Why 30% of kitchen prep work doesn't need a human anymore
A look at where AI quietly fits inside a professional kitchen — and where it absolutely shouldn't.
Most of the work in a professional kitchen looks invisible to outsiders. It happens before service: ordering, breaking down deliveries, prepping mise, sorting allergens, writing the list for tomorrow. A lot of it is repetitive, time-sensitive, and easy to get wrong when you’re tired.
What we mean by “30%”
It’s not a stat from a study. It’s an estimate from talking to chefs over a year. The repetitive work that an AI can do well — and that nobody actually loves doing — adds up to about a third of the back-of-house day.
- Ordering against par levels
- Allergen cross-checks across menus
- Scaling recipes for service size
- Writing the prep list from the menu and yesterday’s sales
- Reconciling invoices
None of that is craft. All of it has to be right.
What we won’t touch
Cooking. Plating. Tasting. Anyone selling AI for the line is missing the point.
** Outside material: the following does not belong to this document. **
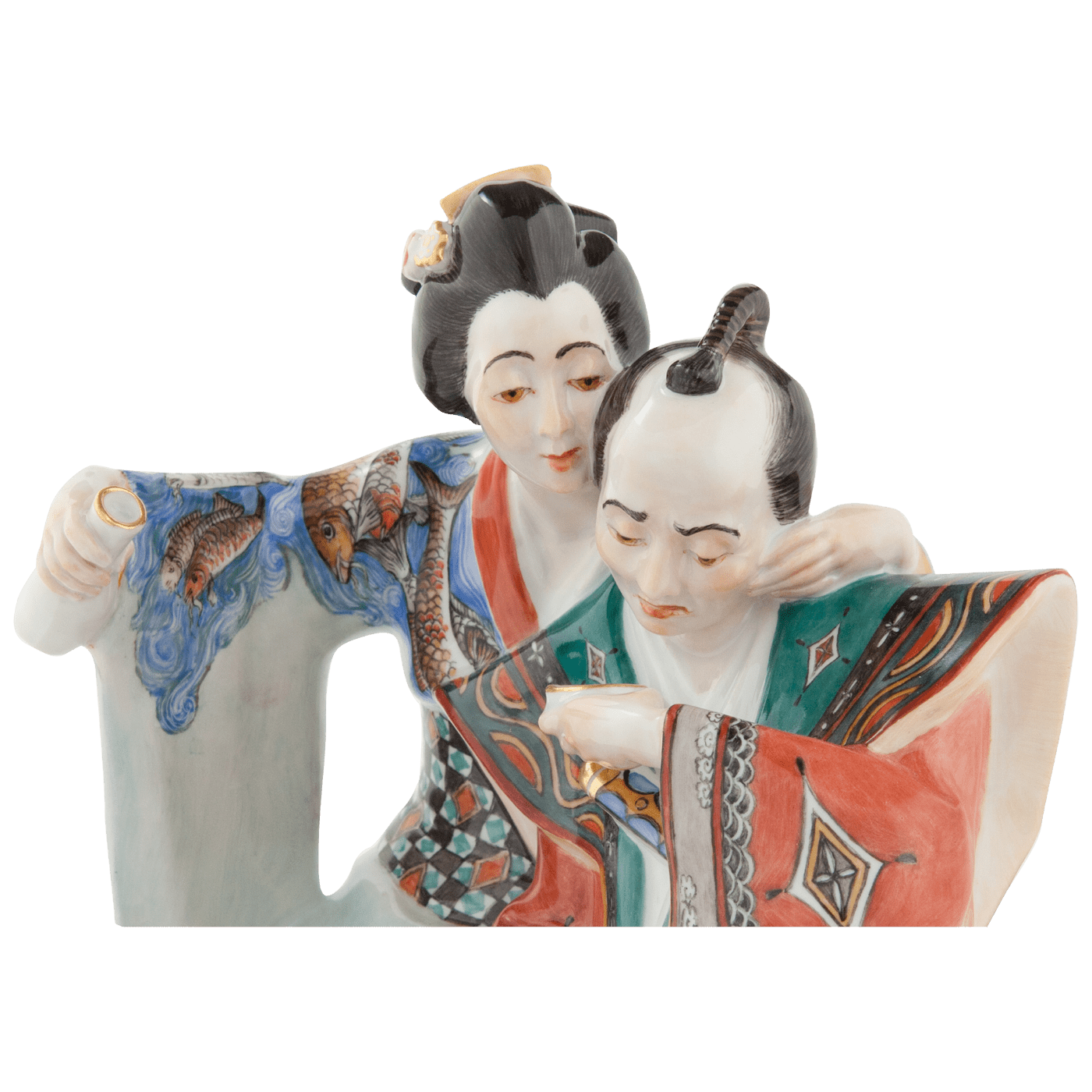 Einzelfigur Japaner im Teehaus, H 17 cm, limitiert | Meissen Limitierte Meisterwerke 900384 - 65675 - Meissen Weimar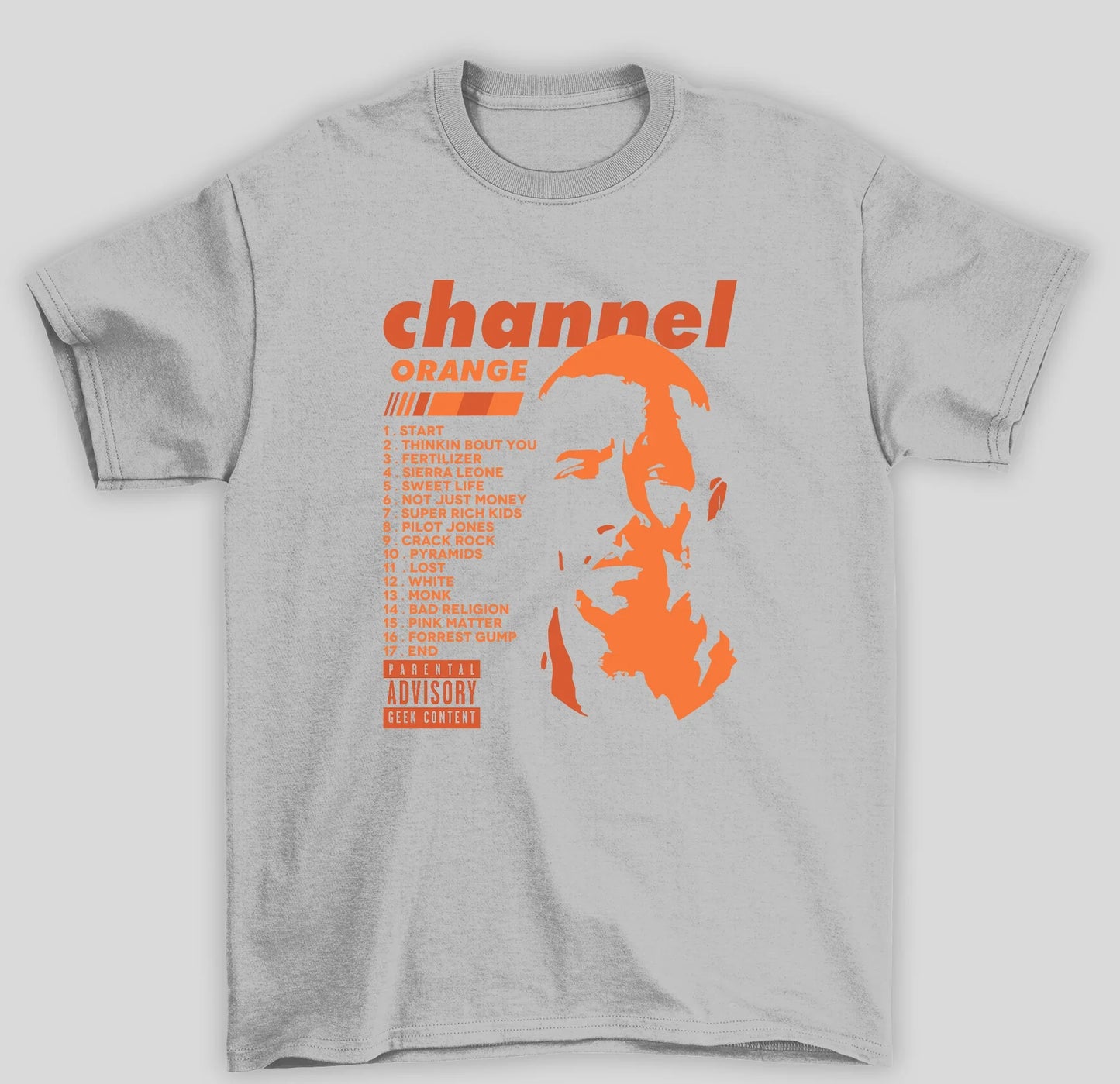 Camiseta Básica Frank Ocean Orange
ROA is a kitchen copilot, not a kitchen replacement. The chef still cooks.
What it actually changes
Sous chefs we work with have started reclaiming the first hour of the day. The prep list is already on the pass when they walk in. The order’s already drafted, waiting for approval. The allergen sheet for the weekend’s tasting menu is generated, ready for them to spot-check.
That’s the bet: free the brigade from the boring third of the work so they can spend more time on the part that actually matters.